Además de luchar contra el capitalismo "salvaje" en sus diversas manifestaciones, Cristina y sus soldados se han esforzado por hacer creer que casi todos los problemas económicos del país se deben a los errores que atribuyen al gobierno del compañero Carlos Menem, que privatizó algunas empresas estatales raquíticas y, peor todavía, instaló la convertibilidad. Suponen que virtualmente cualquier alternativa hubiera sido mejor. A esta altura no hay forma de saber si, de haber obrado de otra manera, Menem y Domingo Cavallo hubieran podido frenar la hiperinflación que en aquel entonces devoraba el país, pero el talón de Aquiles de la convertibilidad no sería su rigidez sino que, al convencer al resto del mundo de que por fin la Argentina se había transformado en un "país normal" y convendría prestarle mucho dinero, brindó a los políticos, empresarios y otros una oportunidad que no soñaban con desaprovechar. Como sus equivalentes griegos luego de adoptar su país la misma moneda que Alemania, el euro, merced a la confianza ajena en la convertibilidad pudieron arreglárselas para acumular deudas que pronto adquirirían un peso soportable.

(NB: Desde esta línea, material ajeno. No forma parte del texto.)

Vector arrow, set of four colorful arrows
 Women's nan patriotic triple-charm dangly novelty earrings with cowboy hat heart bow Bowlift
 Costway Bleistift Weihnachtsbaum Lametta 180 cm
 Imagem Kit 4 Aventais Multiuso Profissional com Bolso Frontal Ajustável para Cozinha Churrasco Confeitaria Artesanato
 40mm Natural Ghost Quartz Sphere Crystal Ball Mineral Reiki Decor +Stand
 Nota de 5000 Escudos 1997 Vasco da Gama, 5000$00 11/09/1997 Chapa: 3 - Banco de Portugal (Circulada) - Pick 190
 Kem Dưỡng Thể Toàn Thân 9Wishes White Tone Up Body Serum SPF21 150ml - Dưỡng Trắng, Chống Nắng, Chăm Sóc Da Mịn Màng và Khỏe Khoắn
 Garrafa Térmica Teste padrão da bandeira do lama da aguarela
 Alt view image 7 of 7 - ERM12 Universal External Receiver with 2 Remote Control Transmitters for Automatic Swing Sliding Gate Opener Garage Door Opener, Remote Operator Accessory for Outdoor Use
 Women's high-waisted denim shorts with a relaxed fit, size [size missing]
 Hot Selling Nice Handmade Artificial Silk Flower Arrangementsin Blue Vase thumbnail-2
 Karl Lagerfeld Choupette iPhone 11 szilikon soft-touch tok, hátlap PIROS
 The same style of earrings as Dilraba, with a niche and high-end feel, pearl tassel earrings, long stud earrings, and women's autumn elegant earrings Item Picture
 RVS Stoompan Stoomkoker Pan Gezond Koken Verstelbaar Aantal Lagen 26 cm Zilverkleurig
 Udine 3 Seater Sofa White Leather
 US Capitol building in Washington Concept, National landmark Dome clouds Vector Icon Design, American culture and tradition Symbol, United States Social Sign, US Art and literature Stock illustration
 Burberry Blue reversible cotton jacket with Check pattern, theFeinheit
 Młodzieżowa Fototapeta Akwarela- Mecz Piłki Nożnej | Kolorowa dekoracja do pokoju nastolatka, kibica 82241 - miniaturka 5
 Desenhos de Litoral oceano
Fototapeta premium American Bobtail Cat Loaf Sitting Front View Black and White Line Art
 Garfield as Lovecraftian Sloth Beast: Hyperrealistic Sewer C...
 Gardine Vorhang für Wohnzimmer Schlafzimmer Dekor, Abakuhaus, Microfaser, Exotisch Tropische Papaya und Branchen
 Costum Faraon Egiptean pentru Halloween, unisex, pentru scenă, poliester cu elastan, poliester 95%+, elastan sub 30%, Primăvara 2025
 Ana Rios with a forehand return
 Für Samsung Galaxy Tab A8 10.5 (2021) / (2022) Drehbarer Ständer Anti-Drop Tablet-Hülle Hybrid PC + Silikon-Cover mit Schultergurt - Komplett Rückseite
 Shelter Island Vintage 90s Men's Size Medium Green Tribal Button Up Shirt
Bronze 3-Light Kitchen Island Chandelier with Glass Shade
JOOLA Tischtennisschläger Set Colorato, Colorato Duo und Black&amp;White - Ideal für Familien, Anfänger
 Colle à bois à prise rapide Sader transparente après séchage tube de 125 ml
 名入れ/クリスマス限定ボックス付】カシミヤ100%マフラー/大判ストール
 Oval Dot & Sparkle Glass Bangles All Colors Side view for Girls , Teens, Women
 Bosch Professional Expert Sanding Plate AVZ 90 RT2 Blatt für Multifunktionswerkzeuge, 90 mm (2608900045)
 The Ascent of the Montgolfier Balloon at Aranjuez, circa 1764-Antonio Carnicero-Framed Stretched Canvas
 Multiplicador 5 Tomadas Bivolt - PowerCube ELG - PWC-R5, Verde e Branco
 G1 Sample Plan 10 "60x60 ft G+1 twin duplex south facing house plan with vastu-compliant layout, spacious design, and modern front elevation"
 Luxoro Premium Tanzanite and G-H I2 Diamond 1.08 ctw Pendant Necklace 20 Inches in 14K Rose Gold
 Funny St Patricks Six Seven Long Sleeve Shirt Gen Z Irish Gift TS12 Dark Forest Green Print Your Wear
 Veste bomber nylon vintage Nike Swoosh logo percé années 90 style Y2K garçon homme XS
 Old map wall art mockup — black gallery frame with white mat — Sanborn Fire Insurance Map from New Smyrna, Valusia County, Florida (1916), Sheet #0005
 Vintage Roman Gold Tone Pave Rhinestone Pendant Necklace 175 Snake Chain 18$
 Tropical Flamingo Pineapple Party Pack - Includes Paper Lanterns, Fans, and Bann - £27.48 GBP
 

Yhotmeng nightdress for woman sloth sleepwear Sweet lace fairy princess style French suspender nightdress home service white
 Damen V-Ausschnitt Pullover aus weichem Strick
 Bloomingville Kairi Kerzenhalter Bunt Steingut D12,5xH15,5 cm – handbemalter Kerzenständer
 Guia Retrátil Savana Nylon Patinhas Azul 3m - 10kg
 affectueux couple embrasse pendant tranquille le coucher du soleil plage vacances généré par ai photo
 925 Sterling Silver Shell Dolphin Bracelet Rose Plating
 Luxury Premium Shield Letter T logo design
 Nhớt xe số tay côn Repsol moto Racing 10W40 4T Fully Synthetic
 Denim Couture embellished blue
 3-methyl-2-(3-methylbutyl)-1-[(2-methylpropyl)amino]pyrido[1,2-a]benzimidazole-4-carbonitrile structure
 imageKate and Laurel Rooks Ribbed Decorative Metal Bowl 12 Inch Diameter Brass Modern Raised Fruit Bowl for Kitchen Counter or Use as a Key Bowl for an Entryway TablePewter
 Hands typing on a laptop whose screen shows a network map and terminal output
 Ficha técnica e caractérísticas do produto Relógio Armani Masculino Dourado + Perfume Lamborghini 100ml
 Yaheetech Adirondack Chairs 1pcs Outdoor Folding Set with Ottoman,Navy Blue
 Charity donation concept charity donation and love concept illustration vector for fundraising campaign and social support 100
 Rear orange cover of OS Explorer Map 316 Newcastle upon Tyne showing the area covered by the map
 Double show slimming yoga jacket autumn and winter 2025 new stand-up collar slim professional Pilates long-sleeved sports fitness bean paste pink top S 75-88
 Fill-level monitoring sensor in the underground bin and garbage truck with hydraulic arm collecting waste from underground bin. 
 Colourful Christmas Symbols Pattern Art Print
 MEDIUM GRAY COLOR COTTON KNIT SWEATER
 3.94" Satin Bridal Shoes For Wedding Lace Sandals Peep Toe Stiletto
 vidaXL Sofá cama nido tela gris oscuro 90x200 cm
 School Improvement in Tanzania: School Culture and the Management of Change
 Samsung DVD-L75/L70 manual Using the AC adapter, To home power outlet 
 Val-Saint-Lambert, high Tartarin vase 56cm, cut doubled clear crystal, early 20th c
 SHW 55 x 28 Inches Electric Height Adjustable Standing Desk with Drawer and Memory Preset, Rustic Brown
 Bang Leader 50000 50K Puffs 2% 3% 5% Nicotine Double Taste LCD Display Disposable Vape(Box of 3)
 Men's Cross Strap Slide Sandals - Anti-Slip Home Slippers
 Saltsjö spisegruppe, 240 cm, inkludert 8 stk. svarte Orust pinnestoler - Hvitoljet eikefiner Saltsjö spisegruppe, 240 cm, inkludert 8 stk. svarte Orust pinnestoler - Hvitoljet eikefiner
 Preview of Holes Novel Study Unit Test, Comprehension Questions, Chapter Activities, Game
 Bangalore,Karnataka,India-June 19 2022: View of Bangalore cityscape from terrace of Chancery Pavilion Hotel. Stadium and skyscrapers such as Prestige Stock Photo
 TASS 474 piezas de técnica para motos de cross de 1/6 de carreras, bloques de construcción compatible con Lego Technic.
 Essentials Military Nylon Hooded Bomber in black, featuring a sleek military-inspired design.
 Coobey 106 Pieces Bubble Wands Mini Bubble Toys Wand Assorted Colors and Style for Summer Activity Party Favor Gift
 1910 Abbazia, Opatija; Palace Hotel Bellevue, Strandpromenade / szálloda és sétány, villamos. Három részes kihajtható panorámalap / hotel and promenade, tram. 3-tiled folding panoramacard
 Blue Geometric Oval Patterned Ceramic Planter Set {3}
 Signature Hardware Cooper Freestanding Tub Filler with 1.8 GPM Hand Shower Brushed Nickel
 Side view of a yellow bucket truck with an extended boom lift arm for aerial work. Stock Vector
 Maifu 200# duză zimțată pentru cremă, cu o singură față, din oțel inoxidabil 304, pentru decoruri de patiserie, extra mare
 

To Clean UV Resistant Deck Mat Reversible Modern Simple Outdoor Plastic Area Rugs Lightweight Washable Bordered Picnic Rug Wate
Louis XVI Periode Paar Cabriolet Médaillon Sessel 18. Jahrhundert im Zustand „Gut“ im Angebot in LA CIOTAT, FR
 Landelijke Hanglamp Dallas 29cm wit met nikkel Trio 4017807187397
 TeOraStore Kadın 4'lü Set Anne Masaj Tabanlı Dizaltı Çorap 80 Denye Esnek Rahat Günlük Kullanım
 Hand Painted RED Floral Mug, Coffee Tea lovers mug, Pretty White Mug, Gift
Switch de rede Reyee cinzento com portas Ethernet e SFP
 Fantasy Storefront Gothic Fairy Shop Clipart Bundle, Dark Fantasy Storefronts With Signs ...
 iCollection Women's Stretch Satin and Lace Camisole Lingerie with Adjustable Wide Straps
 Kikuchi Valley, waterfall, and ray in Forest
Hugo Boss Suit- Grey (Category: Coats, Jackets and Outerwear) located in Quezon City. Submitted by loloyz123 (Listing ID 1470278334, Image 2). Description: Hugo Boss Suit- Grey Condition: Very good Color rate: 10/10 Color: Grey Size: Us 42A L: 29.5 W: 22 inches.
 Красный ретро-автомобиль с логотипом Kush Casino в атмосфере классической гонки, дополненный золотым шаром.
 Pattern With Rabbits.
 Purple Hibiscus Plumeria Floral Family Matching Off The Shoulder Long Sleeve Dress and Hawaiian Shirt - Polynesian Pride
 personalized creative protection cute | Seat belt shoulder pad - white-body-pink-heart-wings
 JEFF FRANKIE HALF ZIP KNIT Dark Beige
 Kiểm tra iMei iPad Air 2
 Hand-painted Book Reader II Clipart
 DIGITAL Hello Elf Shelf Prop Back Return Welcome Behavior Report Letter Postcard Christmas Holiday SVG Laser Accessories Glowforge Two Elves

El fracaso del uno a uno presagió aquel de los esquemas populistas, y por lo tanto facilistas, que la seguirían, porque el derrumbe no fue consecuencia tanto de la inflexibilidad que caracterizaba la convertibilidad cuanto de la resistencia de demasiados políticos y agentes económicos a respetar ciertos límites. En este ámbito, muy poco ha cambiado. El país del relato de Cristina ha resultado ser aún más ficticio que el de los menemistas que, por mucho tiempo, se aproximó a la verdad ya que a diferencia del imaginado por los kirchneristas no dependía de estadísticas imaginativas.
De todos modos, luego de la implosión calamitosa de aquel "modelo", se difundió con rapidez el consenso de que la Argentina había sido víctima de una estafa grotesca, que siempre fue ridículo suponer que un país chico podría fantasear con manejar sus finanzas con el mismo rigor que los norteamericanos. Algunos, entre ellos Cristina, creyeron que era una cuestión de tamaño; los suizos, cuya moneda es considerada un dechado de fortaleza, discreparían. Las dimensiones relativas de las distintas economías importan menos que la disciplina fiscal de quienes las administran.
De no haber sido por la propensión del grueso de la clase política nacional a endeudarse hasta el cuello sin preocuparse por el mañana, la convertibilidad hubiera sobrevivido, como ha hecho en Hong Kong y Singapur, además de las Bahamas y un par de países bálticos. También ha funcionado una forma extrema de convertibilidad, la dolarización, en el Ecuador del presidente izquierdista Rafael Correa. En cambio, el modelo kirchnerista que se basa en el voluntarismo estudiantil de setentistas nostálgicos convencidos de que, por contar la Argentina con recursos inagotables, sólo tendría que liberarse del chaleco de fuerza neoliberal para prosperar, estaba programado desde el vamos para fracasar, para convertirse en carroña para buitres.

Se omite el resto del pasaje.